Voltemos atrás. Nessa altura Patrícia Vasconcelos já era diretora de casting e, recorda, "quando ia buscar atores para filmar, punha-os à frente da câmara e eles não sabiam estar: ou projetavam demasiado a voz, ou saíam do enquadramento, não tinham qualquer noção do que era estar à frente de uma câmara".

"A ideia maluca é tua... eu só sou tua cúmplice"

Estávamos nos anos 1990 e Patrícia percebia que havia ali "um nicho de mercado". Dizia à atriz Elsa Valentim, então sua assistente, que deviam juntar-se e abrir uma escola. Ela, que na altura estava também a fundar a companhia Teatro dos Aloés, disse "500 vezes que não. Porque eu sabia o trabalho que me ia dar. Sabia o que me ia pedir. Claro que a parte boa é muito boa, também. Essa decisão é um bocadinho como ter um filho", explica a atriz ao DN, 18 anos depois.

Elsa acabou por dizer que sim, está visto. Mas não sem assinar um papel - que ainda hoje existe - onde se lê: "A ideia maluca é tua... eu só sou tua cúmplice!... fui arrastada!" A primeira dos cúmplices. Depois viria o cineasta e pai de Patrícia António-Pedro Vasconcelos e os atores Nicolau Breyner e Vítor Norte; Elsa traria, do teatro, Antonino Solmer e o coreógrafo Jean-Paul Bucchieri.
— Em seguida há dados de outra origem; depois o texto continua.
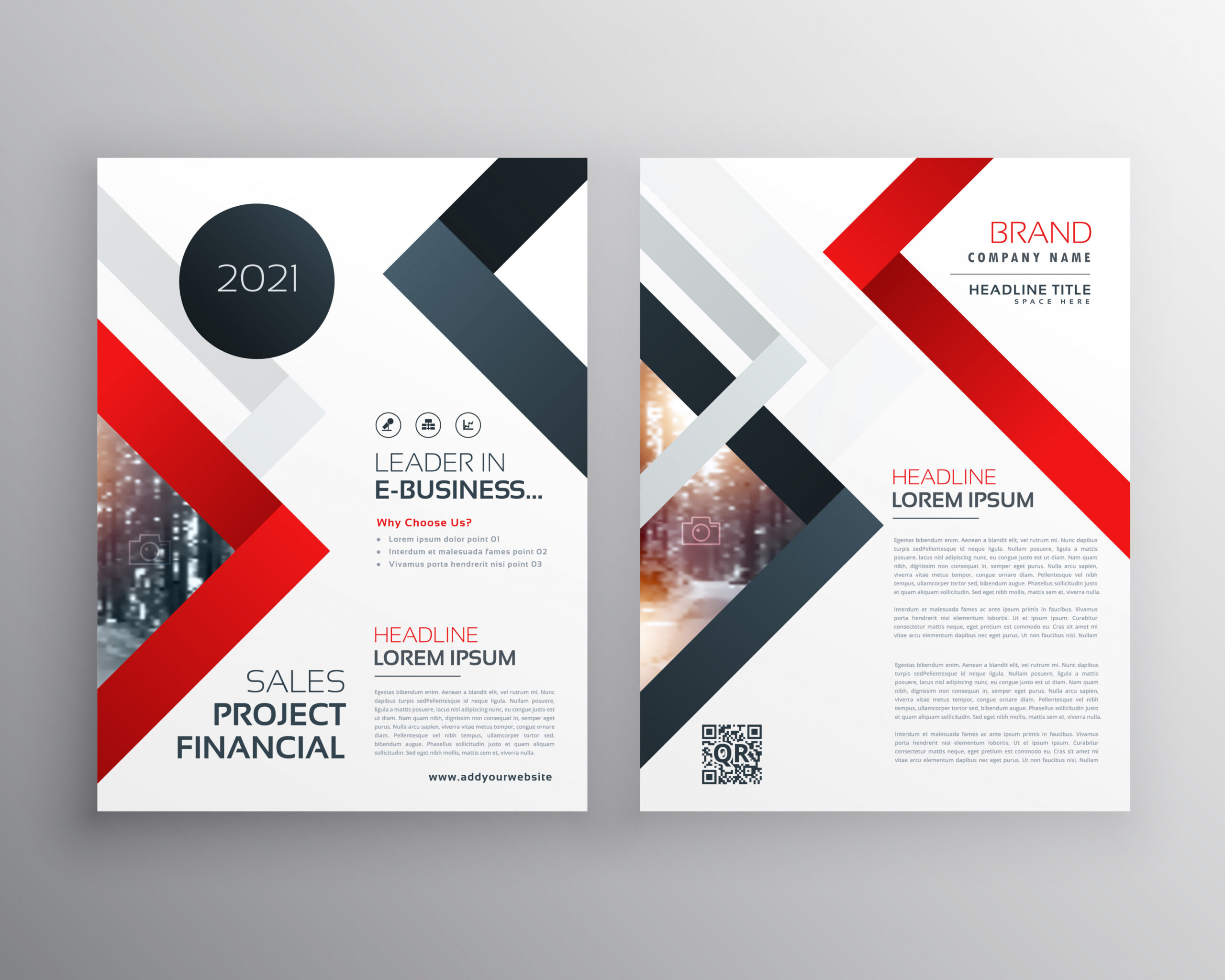 custom professional investment firm brochure template pdf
Tudo começou com um workshop para atores, como forma de testar o mercado. "Tivemos 400 pessoas em lista de espera. Foi a loucura total. Fizemos audições a 100 para escolher os 20 do workshop. [O número é] igual à nossa estrutura de hoje, no máximo 22. Qualquer dia tenho de encontrar aí a lista. Era uma grupeta para que olhas e dizes uau!", recorda a diretora da escola.

A partir daí, e pedindo por telefone e carta ajuda a escolas Europa fora e EUA, começaram a desenhar o curso de formação de atores. A primeira turma seria a de 2001-2002. Foi António-Pedro Vasconcelos quem se lembrou do nome ACT, sigla para Atores Cinema e Televisão, formando ao mesmo tempo o verboact (representar em inglês).
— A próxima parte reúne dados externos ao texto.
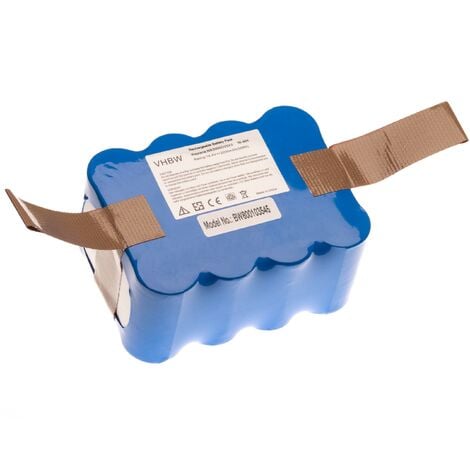 vhbw Batterie aspirateurs, robots domestiques compatible avec Candy Hoover RBC004B011ROBO, RBC006011, RBC007B011, RBC009001 (2200mAh, 14,4V, NiMH)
A escola foi mudando ao longo dos anos. Neste que agora começa, por exemplo, foi introduzido um dia em que as três turmas dos três anos que dura o curso se encontram num teatro. "Porque chegámos à conclusão de que os três anos pouco se cruzam", explica Patrícia. Assim, passam a quatro dias de ACT por semana para os alunos.

Como é uma audição para a ACT?

As audições para entrar na escola são semelhantes ao que eram há 18 anos, começa por dizer a diretora. "Por acaso eram um bocadinho mais exigentes. Para já, não éramos só nós as duas como hoje. Tinhas praticamente todo o corpo docente: o Nicolau, o João Canijo, o meu pai... Numa última fase vinham todos para um workshop." Agora mantém-se a prova de artes performativas livre e outra com um texto igual para todos os candidatos, fornecido pela ACT.

Continuam a pedir uma carta de motivação, obrigatoriamente escrita à mão. Antigamente a ficha de inscrição perguntava apenas que livro o candidato estava a ler. "Alguns diziam n'importe quoi. Até que a certa altura dissemos: 'Traz o livro e vais ter de falar sobre ele.' Aí detetas logo se é uma pessoa que tem hábitos de leitura ou não, e dá para explicarmos: 'Se queres ser ator, vens para uma escola e não tens hábitos de leitura, isso vai ter mudar.'"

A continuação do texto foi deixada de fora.